● **INPUT DATA**:
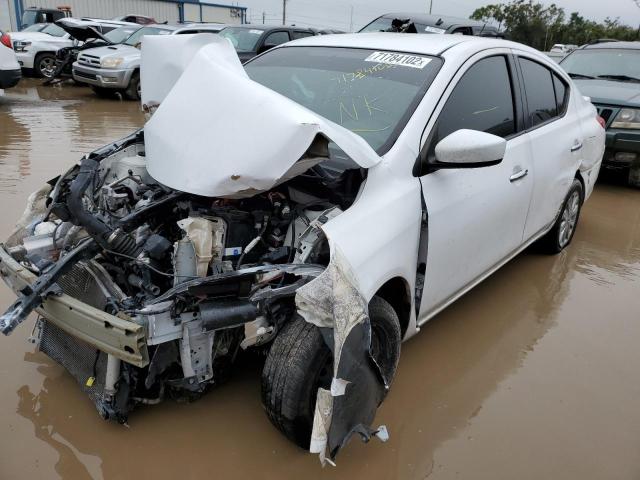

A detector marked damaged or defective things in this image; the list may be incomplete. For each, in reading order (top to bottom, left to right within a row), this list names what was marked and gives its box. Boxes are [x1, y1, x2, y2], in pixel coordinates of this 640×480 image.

crumpled hood [143, 35, 382, 197]
crumpled hood [572, 79, 640, 108]
cracked headlight housing [608, 108, 640, 129]
crushed bumper [0, 246, 149, 366]
damaged front end [0, 129, 384, 460]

● **TASK BRIEF**: Restate the material above word for word, so that nothing changes except that the pictures are gone.

● **RESPONSE TO THE EXERCISE**:
A detector marked damaged or defective things in this image; the list may be incomplete. For each, in reading order (top to bottom, left to right within a row), this list names what was marked and gives its box. Boxes are [x1, y1, x2, y2], in pixel coordinates of this 640×480 image.

crumpled hood [143, 35, 382, 197]
crumpled hood [572, 79, 640, 108]
cracked headlight housing [608, 108, 640, 129]
crushed bumper [0, 246, 149, 366]
damaged front end [0, 129, 384, 460]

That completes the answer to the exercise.